Hamilton-Wentworth District School Board trustees are calling on Queen’s Park to review or scrap Bill 115 as elementary teachers threaten to go on strike with three days’ notice.
Trustees have also given senior staff the go-ahead to “more creatively find solutions, monetary and non-monetary” in the wake of last week’s vote by high school teachers to reject a tentative contract settlement reached on Nov. 18.
The secondary teachers are now set to join a province-wide withdrawal from sports and other extracurricular activities this Monday.
“Sometimes when the government passes a bill, they might have good intentions. However, this bill has caused a tremendous amount of stress within the educational system,” Mountain trustee Wes Hicks said.
“Once a specific bill passed by Queen’s Park starts to affect kids in the classroom, it’s time for both groups to realize that it’s gone beyond whatever each side wanted to accomplish,” he said.
“It’s time to get down to the table and solve the problems so that the kids are not hurt in the classroom.”
Bill 115 sets out a framework for contract settlements that includes a two-year wage freeze, an end to retirement payouts of up to six months of unused sick days and a cut in annual sick days to 10 from 20.
Board chair Tim Simmons said the legislation is an impediment to local agreements, but the board is willing to “listen to any proposals that might reach a deal to get labour peace.”
He said while he’s not yet clear on how the elementary teachers’ threatened strike action will play out, the 72-hour notice will let the board give parents “fair warning” to make alternate arrangements if schools are forced to close.
“We’re really hoping that doesn’t happen,” Simmons said, calling relations with local union groups “as good as they can be under the circumstances.”
“In spite of all this, I think we’re all still focused on children and their well-being,” he said. “We have a lot of respect with our local bargaining groups and we’re bargaining in good faith and with the best intentions with each other.”
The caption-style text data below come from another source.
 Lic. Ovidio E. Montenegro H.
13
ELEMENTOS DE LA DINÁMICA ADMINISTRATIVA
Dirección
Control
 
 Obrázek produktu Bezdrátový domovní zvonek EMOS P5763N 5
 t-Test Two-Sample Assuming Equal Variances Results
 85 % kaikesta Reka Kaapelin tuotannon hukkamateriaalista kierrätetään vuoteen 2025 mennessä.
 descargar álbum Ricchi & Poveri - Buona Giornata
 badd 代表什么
Chantal Mancini, president of the Ontario Secondary School Teachers’ Federation of Hamilton-Wentworth, called the withdrawal of extracurricular activities “an extremely difficult decision,” but said the province has left her members no other option.
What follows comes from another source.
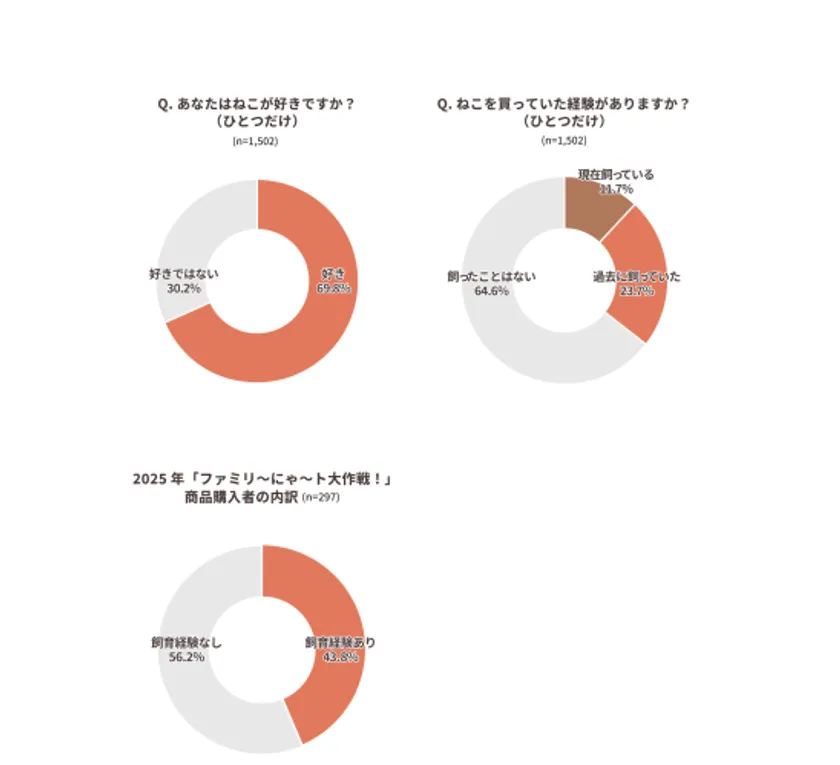 ファミペイ会員調査「ねこ好き度」「飼育経験」「ファミリ～にゃ～ト大作戦！購入者」の円グラフ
She said teachers are willing to accept a wage freeze, but not the stripping of their collective bargaining rights.
“I think the government and Bill 115 have created chaos and our members have no choice. They’re fed up, they’re upset, they want their rights restored and really under Bill 115 it’s all they have left,” Mancini said.
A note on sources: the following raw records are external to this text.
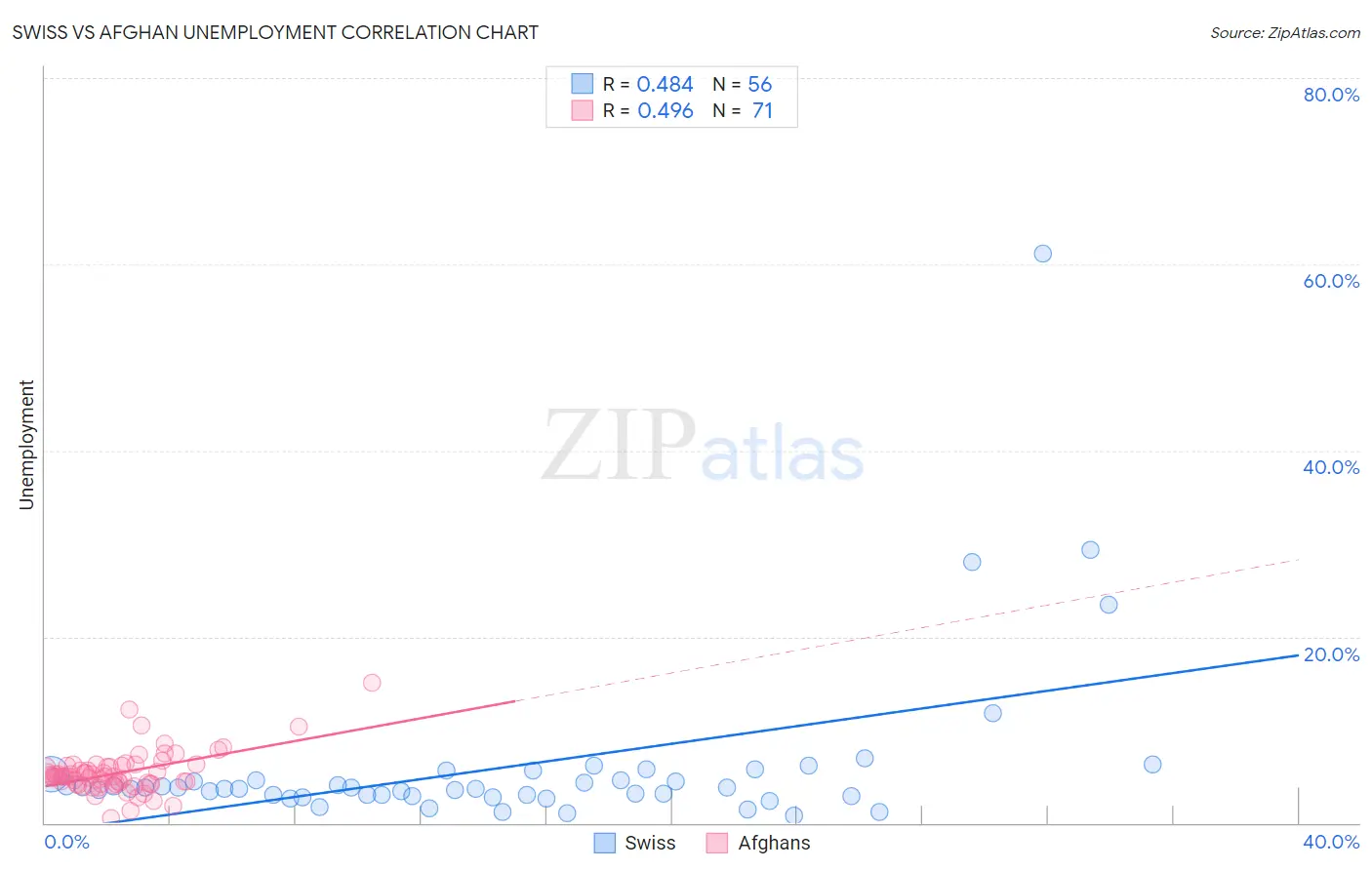 Swiss vs Afghan Unemployment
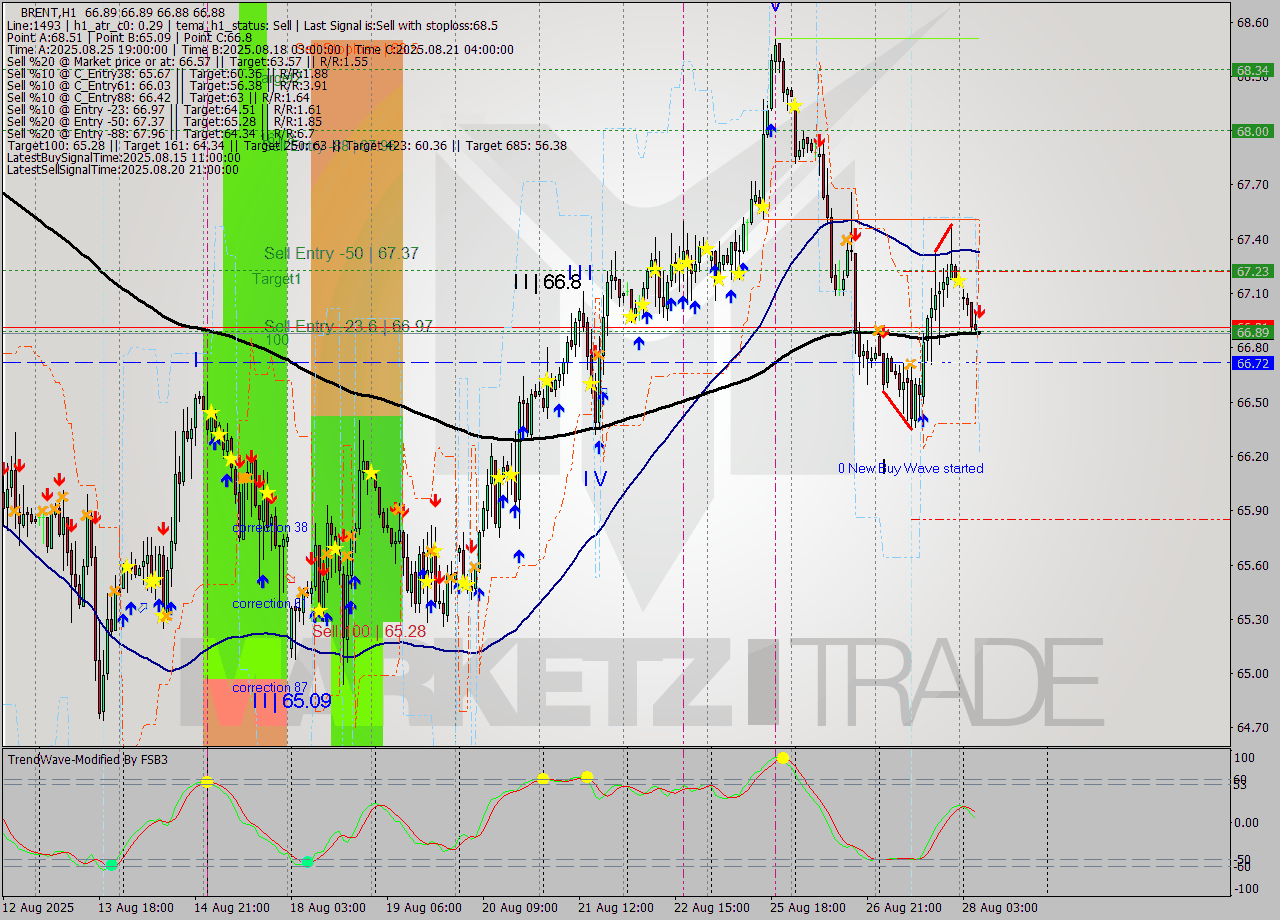 BRENT MTF analysis at 2025.08.28 07:01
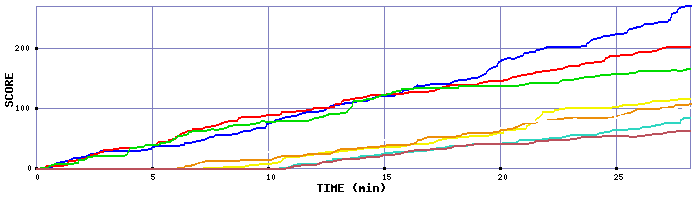 Score Graph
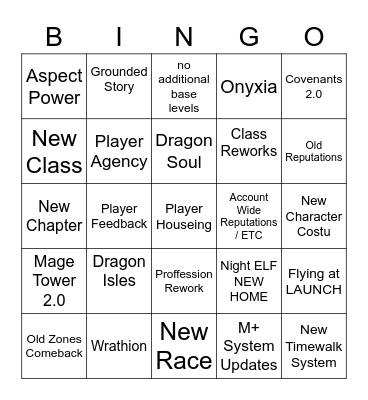 Real WoW Bingo Card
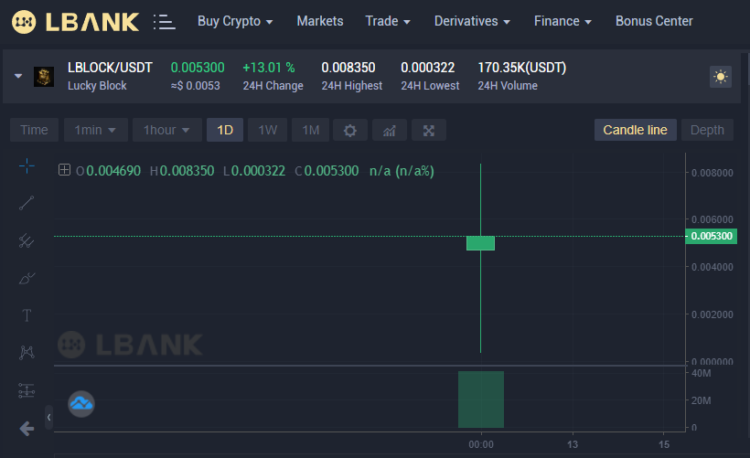 LBank Lists Lucky Block – LBLOCK / USDT Pair Opens Trading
“Every parent should be calling their MPP and saying, “You got your wage freeze. Why do you need to have this draconian legislation in place? Why do you need to create chaos in our schools?’”
The Elementary Teachers’ Federation of Ontario has warned its job actions “will affect operations in each public elementary school throughout the province.”
Bill 115 bans strike action for two years, but this prohibition only kicks in after a Dec. 31 deadline for teachers to reach a deal before one is imposed on them.
But the legislation also gives Education Minister Laurel Broten the power to stop any dispute before then and she has warned teachers she will order them back to work if necessary.
Hamilton trustees voted on Monday to put on indefinite hold a resolution calling for the creation of a single, publicly funded school system to achieve the cost savings envisioned by Bill 115, with a majority arguing doing so would accept the legislation’s premise.
“We’d be giving undue merit to Bill 115,” Ward 5 trustee Todd White said. “I personally do not think Bill 115 is even worth the paper it’s written on.”